> **What the exercise asks**:
What is needed is an exact copy of the lines in the listing below, from the one with "The North Face" up to and including the one with "Ford Ka 1.2 Cool & Sound start/stop Airco", with no other lines.

> **Dataset excerpts**:
┄┄┄┄┄┄

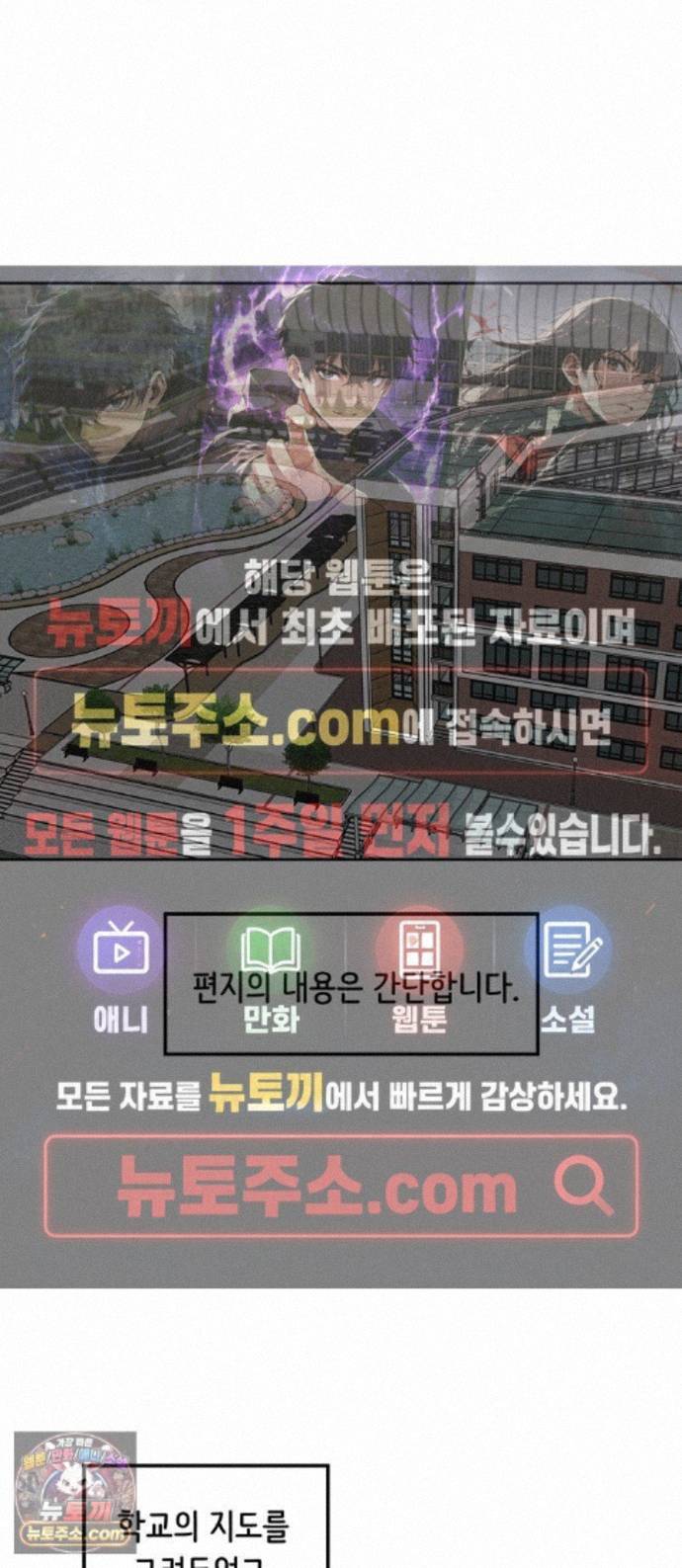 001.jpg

┄┄┄┄┄┄

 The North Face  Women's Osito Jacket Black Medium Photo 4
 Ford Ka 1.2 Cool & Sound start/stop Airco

┄┄┄┄┄┄

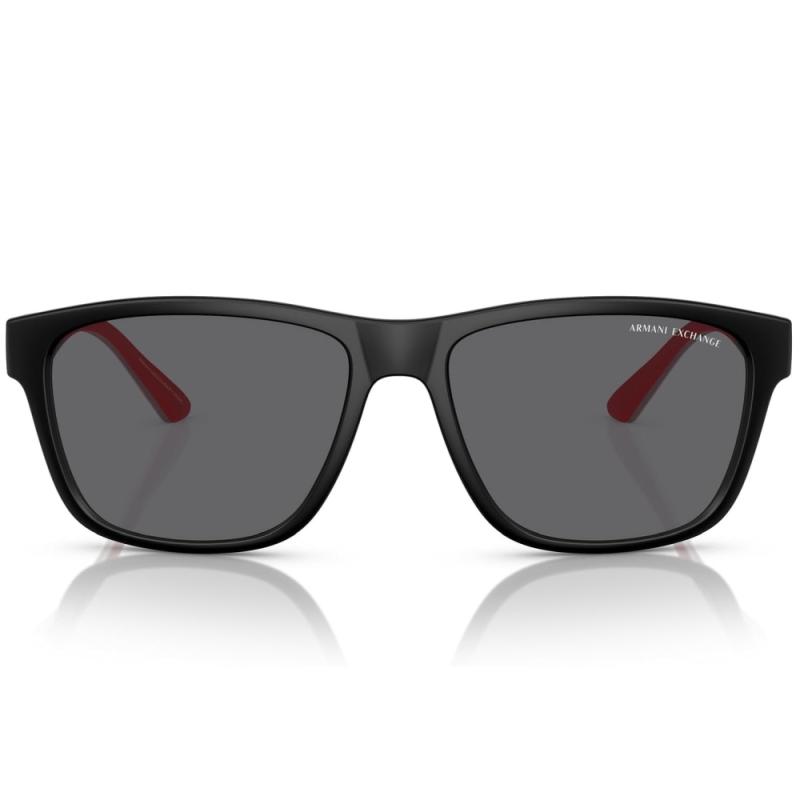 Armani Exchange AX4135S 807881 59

┄┄┄┄┄┄

> **Written solution**:
 The North Face  Women's Osito Jacket Black Medium Photo 4
 Ford Ka 1.2 Cool & Sound start/stop Airco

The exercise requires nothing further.